__To do__.
The required output is the line with "Eine Frau liegt" through the final line of the entries, each one exactly as it stands.
____ Data supplied
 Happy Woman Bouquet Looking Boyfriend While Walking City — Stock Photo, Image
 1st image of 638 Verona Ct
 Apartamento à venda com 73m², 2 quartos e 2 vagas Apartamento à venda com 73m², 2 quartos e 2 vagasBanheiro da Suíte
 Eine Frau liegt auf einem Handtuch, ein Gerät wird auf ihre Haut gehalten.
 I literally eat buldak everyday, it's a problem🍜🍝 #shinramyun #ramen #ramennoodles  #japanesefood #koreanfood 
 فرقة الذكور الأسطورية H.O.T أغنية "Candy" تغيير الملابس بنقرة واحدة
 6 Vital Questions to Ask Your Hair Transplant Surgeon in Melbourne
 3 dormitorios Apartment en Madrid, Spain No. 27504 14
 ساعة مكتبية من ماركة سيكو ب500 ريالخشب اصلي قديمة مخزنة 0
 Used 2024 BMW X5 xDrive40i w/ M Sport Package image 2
________
__Output below__.
 Eine Frau liegt auf einem Handtuch, ein Gerät wird auf ihre Haut gehalten.
 I literally eat buldak everyday, it's a problem🍜🍝 #shinramyun #ramen #ramennoodles  #japanesefood #koreanfood 
 فرقة الذكور الأسطورية H.O.T أغنية "Candy" تغيير الملابس بنقرة واحدة
 6 Vital Questions to Ask Your Hair Transplant Surgeon in Melbourne
 3 dormitorios Apartment en Madrid, Spain No. 27504 14
 ساعة مكتبية من ماركة سيكو ب500 ريالخشب اصلي قديمة مخزنة 0
 Used 2024 BMW X5 xDrive40i w/ M Sport Package image 2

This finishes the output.